Minimally invasive aortic valve replacement (MIAVR) is defined as a surgical aortic valve replacement which involves smaller chest incisions as opposed to full sternotomy. It is performed using cardiopulmonary bypass with cardiac arrest. It benefits from potential advantages of a less invasive procedure. To date, over 14 000 MIAVR have been reported in the literature. Due to heterogeneity of the studies, different surgical techniques and mainly the non-randomised nature of these studies comparing MIAVR with conventional aortic valve replacement, it is difficult to draw definitive conclusions. The two main techniques of MIAVR are mini-sternotomy and right anterior mini-thoracotomy. Both techniques with other less common forms of MIAVR will be discussed in this review.
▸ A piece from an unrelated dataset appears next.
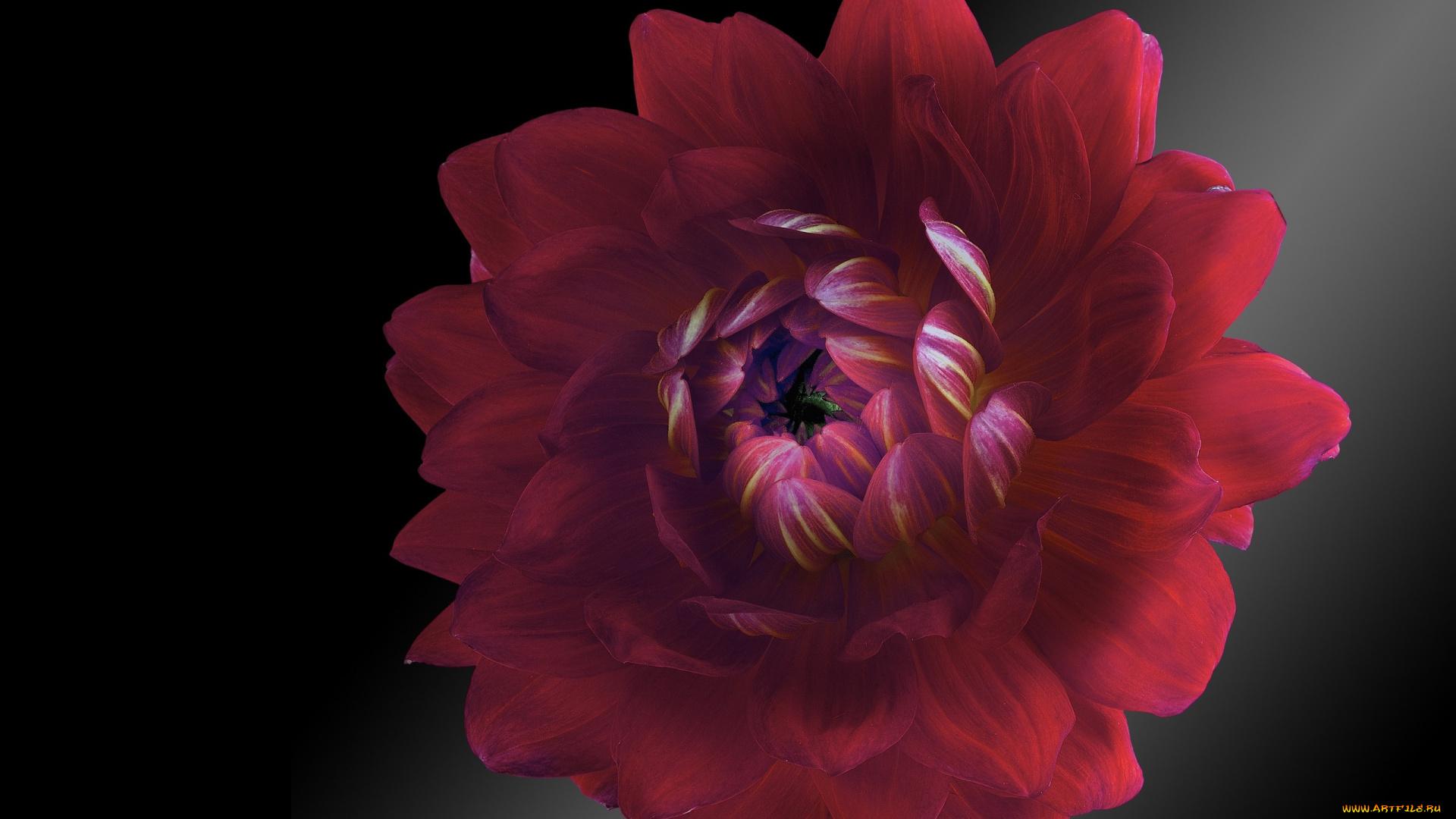 цветы, георгины, фон, георгина, черный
The advantages, disadvantages and surgical pitfalls will be discussed. Some of the advantages include shorter intensive care and hospital stay, reduced perioperative blood loss, less pain, improved respiratory function and cosmesis. The possible disadvantage of longer bypass and cross-clamp times may be counter balanced by the recent sutureless and rapid deployment valves. Despite some of the benefits, MIAVR has not been adopted by a significant proportion of the surgeons possibly related to the learning curve and requirements for re-training. As MIAVR becomes more common, randomised trials comparing this technique with transcatheter aortic valve implantation is warranted. In addition, assessing quality of life including return to work and functional capacity is needed.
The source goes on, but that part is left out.